Kim's glowing review of "Teach to One 360," TTO for short, comes from the software system's ability to sort students based on skill level - every day.
"I used to stay until 7, 8 o'clock at night on a daily basis analyzing students' needs," she said.
Now, end-of-class assessments do that. Yup, a quiz every day.
"It's actually kind of helpful because it makes you think about what you learned that day," said seventh grader Anael Ayivi-Ga Togbassa.
Quiz results determine what and how you learn the following day.
In non-pandemic times, an interactive board directs kids to a certain part of the classroom and to a certain task.
To cut down on comingling with COVID still spreading, teachers are helping guide students to their daily assignment which winds up being taught through several different methods.
For example, some kids tackle a topic through small group work. A bilingual educator may step in to help a student struggling to learn in English. If you're working ahead of your classmates, the computer keeps you moving with individualized problem sets.
"If someone doesn't understand something that I already understand, I won't have to re-learn it and have to go through that process," said eighth grader Dariana Herrera, who added that she'll miss doing math this way in high school.
The different levels of learning all happen inside one mega classroom. Gray Elementary tore the walls down to fit the entire seventh grade in math lab at one time.
Principal Susan Gross said data show the system is working.
"Over a typical three years of growth that a student might have in sixth grade to eighth grade, our students actually go 4, 4.5 years' worth of growth," she told CBS 2.
Gross is proud of the solution that's been used at Gray for almost a decade.
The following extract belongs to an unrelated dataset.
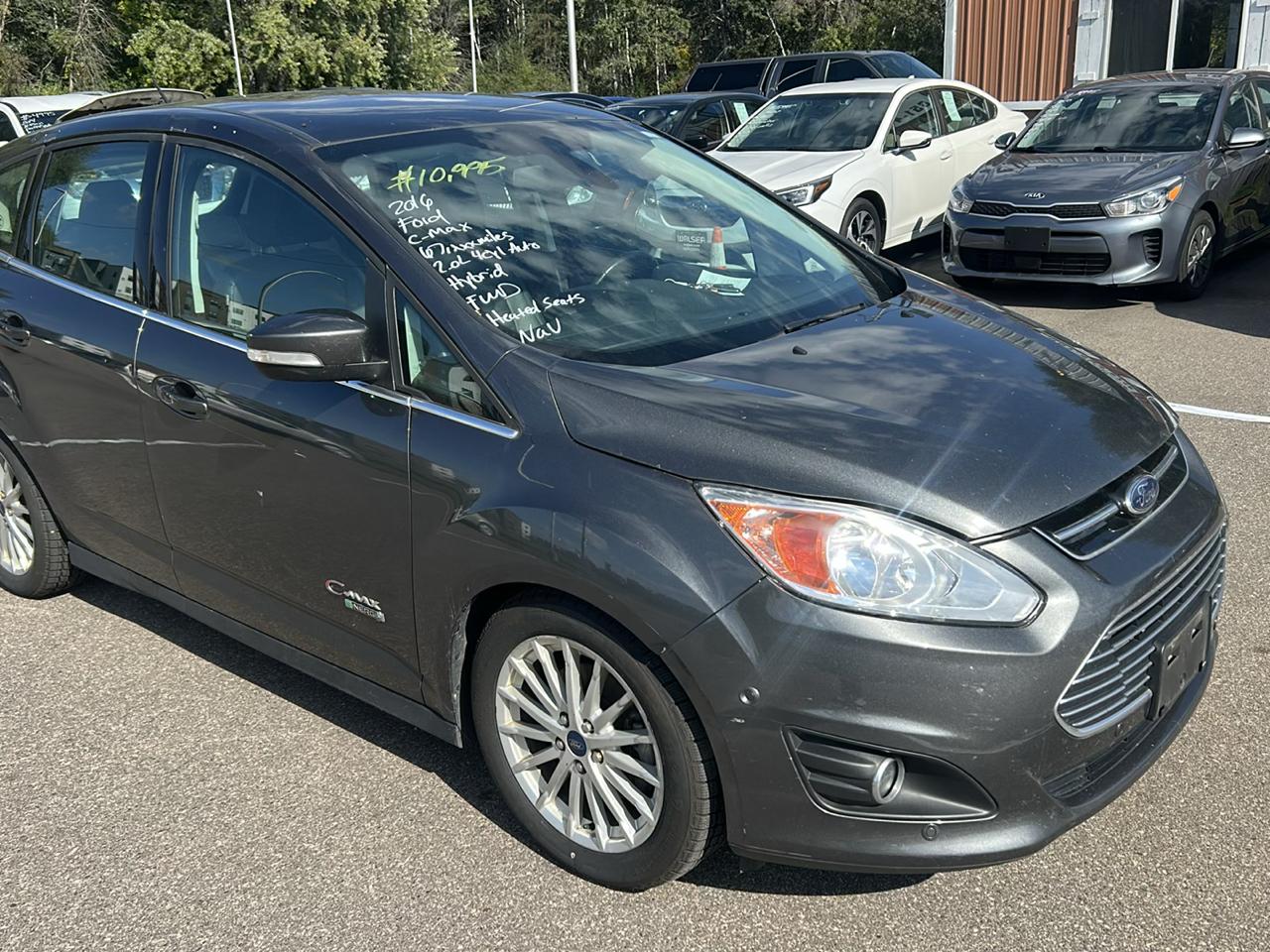 Ford C-Max Energi 5dr HB SEL 2016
But there's another number to consider – $45,000.
That is the average annual cost for TTO, according to its parent company New Classrooms Innovation Partners.
"It would be very challenging," said Gross of Gray's ability to continue using the software without financial help.
In addition to the per-student costs that schools need to pay every year, there are also up-front expenses to launch this system.
They include hardware like TV monitors and possibly knocking down walls like at Gray Elementary to redesign the space.
Fortunately, private donations cover most of Gray's tab.